The benefit of (a) is that we keep current table names for ‘real’ data and only add a column to them (plus some trigger and DAO logic).
The benefit of (b) – assuming that we move all the ‘real’ data to new table names (e.g. civicrm_contact_all) and expose the is_deleted=false rows in views under the ‘old’ names (e.g. civicrm_contact) – is that hard-coded queries that do not pass through CRM_Core_DAO (like the ones in Joomla!’s XML view files) work transparently (because they work on the view, not the ‘real’ table).
Our vote for now would be to go with (a), possibly fixing the few hard-coded queries that do not pass through CRM_Core_DAO by making them skip is_deleted=true rows (if the is_deleted column is present) – but we’re open for suggestions.
With either scenario, the only thing that’s left to decide is how to handle the places where we depend on the ON DELETE cascading, but the cascading should either trigger the relevant DELETE triggers in the cascade tables or, if it does not, we should be able to take care of them with a generic ON DELETE trigger template that would generate the triggers en masse based on ON DELETE rules.
Logging
Logging/change tracking is not currently considered for CiviCRM 3.2, and we mostly though about it mainly in the context of how it would interfere with undelete – on one hand, whether an implemented logging solution wouldn’t simply provide undelete out-of-the-box; on the other, whether implementing undelete now won’t complicate implementing logging later.
The executive summary is that (a) logging could provide undelete, but the simplest approach to logging wouldn’t provide undelete which is as simple as the above is_deleted solution, and (b) implementing undelete in the way described above should not alter how logging is done in the slightest (as the is_deleted column would simply be another column, with it changes logged over time).
Now, onto logging/change tracking.
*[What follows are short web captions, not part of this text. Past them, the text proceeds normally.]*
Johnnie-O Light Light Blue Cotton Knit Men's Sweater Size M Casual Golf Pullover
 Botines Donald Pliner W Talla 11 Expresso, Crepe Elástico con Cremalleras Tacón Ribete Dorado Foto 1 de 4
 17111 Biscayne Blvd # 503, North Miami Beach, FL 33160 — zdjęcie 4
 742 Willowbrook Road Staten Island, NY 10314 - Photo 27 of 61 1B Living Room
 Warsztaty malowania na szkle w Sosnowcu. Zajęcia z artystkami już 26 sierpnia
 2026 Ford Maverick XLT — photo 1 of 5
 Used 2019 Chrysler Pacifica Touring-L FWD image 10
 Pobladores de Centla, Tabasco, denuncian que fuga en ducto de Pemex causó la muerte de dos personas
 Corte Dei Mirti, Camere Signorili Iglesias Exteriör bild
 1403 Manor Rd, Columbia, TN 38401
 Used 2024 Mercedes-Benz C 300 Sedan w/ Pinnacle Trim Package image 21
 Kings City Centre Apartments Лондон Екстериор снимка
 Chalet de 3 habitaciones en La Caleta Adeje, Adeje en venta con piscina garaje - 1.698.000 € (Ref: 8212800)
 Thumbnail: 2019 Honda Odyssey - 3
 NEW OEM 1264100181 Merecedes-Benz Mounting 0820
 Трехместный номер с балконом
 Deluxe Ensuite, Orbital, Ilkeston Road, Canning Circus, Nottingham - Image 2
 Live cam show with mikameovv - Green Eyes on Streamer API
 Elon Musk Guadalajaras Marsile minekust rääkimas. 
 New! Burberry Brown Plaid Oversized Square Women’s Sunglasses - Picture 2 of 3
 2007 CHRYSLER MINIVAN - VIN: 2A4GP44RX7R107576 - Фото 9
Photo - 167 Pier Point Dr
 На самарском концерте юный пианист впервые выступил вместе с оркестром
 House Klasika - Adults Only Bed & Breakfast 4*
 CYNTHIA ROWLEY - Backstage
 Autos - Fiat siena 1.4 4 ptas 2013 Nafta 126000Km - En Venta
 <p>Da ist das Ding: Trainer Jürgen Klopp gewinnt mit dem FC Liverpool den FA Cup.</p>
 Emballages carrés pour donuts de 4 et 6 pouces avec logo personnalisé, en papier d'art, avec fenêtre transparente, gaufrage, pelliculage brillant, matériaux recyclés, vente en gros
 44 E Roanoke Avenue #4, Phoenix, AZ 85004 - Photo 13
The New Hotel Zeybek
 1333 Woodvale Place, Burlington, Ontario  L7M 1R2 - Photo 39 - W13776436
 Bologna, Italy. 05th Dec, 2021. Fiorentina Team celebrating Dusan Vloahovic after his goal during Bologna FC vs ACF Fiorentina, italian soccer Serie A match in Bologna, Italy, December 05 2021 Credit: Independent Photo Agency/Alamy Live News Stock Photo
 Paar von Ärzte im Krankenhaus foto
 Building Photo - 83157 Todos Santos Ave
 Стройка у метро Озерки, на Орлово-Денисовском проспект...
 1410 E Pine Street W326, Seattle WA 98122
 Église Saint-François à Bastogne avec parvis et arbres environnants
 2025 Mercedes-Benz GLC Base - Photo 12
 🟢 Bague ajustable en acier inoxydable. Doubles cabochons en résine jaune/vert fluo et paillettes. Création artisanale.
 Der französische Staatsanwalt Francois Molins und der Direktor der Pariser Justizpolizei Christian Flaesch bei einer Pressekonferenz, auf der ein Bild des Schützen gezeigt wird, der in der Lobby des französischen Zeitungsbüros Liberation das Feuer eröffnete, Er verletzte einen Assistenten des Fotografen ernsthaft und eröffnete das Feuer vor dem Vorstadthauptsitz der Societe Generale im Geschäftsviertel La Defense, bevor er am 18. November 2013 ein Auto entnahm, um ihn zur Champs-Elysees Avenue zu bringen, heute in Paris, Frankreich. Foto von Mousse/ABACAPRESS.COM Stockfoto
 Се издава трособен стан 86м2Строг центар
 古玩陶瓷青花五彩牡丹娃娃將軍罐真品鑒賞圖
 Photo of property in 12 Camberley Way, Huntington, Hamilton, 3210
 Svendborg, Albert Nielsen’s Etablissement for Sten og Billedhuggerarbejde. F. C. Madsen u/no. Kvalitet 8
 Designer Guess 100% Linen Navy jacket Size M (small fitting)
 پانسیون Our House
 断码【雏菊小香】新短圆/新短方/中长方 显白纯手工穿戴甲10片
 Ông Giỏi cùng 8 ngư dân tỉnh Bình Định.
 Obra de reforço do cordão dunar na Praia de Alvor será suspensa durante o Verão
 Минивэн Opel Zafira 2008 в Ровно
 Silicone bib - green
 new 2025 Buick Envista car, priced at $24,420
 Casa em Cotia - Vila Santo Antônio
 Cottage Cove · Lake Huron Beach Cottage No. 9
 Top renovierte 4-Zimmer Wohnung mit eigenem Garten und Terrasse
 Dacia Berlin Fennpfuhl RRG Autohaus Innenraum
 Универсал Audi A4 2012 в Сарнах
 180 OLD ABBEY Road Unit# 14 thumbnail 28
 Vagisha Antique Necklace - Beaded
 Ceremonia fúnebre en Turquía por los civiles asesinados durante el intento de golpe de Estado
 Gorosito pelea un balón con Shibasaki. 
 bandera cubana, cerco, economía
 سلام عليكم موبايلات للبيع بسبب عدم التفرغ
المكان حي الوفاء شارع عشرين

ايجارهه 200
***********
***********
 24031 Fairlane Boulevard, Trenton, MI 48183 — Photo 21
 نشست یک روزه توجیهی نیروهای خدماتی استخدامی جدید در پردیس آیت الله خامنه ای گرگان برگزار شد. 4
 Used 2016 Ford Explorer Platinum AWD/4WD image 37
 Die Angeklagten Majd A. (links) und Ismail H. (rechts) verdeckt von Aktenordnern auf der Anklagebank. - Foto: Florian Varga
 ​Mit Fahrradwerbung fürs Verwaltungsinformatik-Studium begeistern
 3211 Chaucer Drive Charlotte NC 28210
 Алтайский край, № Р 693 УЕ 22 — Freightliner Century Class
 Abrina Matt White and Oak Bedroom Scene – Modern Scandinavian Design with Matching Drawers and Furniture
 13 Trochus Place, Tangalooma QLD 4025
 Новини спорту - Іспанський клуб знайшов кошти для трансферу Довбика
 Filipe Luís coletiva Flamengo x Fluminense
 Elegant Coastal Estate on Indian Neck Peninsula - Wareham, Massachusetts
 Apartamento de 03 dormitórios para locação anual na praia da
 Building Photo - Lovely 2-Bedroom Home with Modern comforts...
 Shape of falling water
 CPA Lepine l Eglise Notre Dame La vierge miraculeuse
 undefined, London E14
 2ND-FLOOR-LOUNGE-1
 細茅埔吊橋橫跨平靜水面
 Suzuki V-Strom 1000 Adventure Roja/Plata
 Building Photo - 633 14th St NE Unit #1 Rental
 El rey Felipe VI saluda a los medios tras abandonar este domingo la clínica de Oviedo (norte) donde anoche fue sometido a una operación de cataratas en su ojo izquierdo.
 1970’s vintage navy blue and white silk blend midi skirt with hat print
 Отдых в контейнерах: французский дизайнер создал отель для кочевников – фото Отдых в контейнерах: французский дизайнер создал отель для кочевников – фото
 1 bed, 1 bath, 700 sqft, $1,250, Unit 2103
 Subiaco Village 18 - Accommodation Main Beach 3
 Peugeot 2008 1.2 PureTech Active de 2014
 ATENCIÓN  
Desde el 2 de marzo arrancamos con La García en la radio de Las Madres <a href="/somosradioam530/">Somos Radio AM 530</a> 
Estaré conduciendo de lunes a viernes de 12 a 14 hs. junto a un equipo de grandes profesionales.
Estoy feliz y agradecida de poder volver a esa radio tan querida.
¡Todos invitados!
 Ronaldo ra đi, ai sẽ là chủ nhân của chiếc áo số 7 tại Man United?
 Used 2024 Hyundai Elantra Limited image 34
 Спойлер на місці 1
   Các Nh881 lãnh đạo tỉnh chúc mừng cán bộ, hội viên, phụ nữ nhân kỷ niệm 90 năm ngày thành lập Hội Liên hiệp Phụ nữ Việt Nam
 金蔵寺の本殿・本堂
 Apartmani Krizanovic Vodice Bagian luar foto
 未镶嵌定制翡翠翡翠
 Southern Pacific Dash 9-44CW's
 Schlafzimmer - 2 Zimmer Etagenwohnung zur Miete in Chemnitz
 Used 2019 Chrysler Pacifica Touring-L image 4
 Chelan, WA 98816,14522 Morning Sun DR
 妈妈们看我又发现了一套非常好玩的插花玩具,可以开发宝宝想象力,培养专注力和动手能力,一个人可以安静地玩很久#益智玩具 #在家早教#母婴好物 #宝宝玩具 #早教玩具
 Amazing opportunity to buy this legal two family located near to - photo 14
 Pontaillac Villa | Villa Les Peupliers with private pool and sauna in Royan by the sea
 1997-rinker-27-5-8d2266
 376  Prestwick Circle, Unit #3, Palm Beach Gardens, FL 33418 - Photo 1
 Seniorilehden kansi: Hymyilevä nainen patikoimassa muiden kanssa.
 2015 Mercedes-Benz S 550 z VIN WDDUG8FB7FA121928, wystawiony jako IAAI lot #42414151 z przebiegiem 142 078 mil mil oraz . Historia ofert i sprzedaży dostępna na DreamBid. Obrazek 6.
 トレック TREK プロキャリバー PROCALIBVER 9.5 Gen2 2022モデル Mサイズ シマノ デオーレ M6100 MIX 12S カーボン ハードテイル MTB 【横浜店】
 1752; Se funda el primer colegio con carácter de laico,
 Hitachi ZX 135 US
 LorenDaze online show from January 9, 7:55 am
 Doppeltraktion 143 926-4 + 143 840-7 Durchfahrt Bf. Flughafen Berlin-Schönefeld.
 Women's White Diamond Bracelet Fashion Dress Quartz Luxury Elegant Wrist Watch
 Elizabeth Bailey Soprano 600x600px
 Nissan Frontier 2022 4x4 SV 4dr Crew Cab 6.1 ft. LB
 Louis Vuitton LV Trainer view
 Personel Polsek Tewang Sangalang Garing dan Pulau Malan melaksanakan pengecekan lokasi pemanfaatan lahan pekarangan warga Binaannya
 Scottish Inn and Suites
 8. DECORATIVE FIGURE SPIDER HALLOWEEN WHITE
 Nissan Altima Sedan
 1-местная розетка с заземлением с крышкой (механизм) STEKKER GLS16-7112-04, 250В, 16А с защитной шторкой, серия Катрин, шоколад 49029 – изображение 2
Once again we should at least consider doing it transparently (from the point of view of the current codebase).
The solution that is the most appealing to us is to leave the ‘current’ tables the way they are – by which we mean they would keep reflecting the current state of CiviCRM, optionally with the undelete functionality – and do all the logging in separate tables.
These log tables (e.g. civicrm_contact_log) would have the same columns as the ‘original’ CiviCRM tables they track, plus two new columns, log_time and log_action, and the primary keys altered from (id) to (id, log_time). All the work would be done with triggers on the ‘original’ tables catching INSERT, UPDATE and DELETE operations; these triggers would simply insert into the log table the new state of the original table’s row, adding on the fly the (current) log_time and setting the log_action column to either ‘I’, ‘U’ or ‘D’.
The pros of this approach are as follows:
- the original tables are untouched, and only their triggers know there’s logging going on;
- even if there are many updates, the original tables do not grow, as they only carry the most recent state – the thing that grows are the log tables, which can be purged as needed, with simple DELETE FROM table WHERE log_time < X queries;
- with the logs in separate tables, there’s no need for any DAO/CRM_Core_DAO voodoo to hide logging-related columns – and any code aware of logging will simply query the log tables at will; likewise, primary and foreign keys in the ‘current’ tables would simply work the same as they do now, and foreign keys in the log tables will also keep working (while the primary keys would simply extend to require only id+log_time uniqueness).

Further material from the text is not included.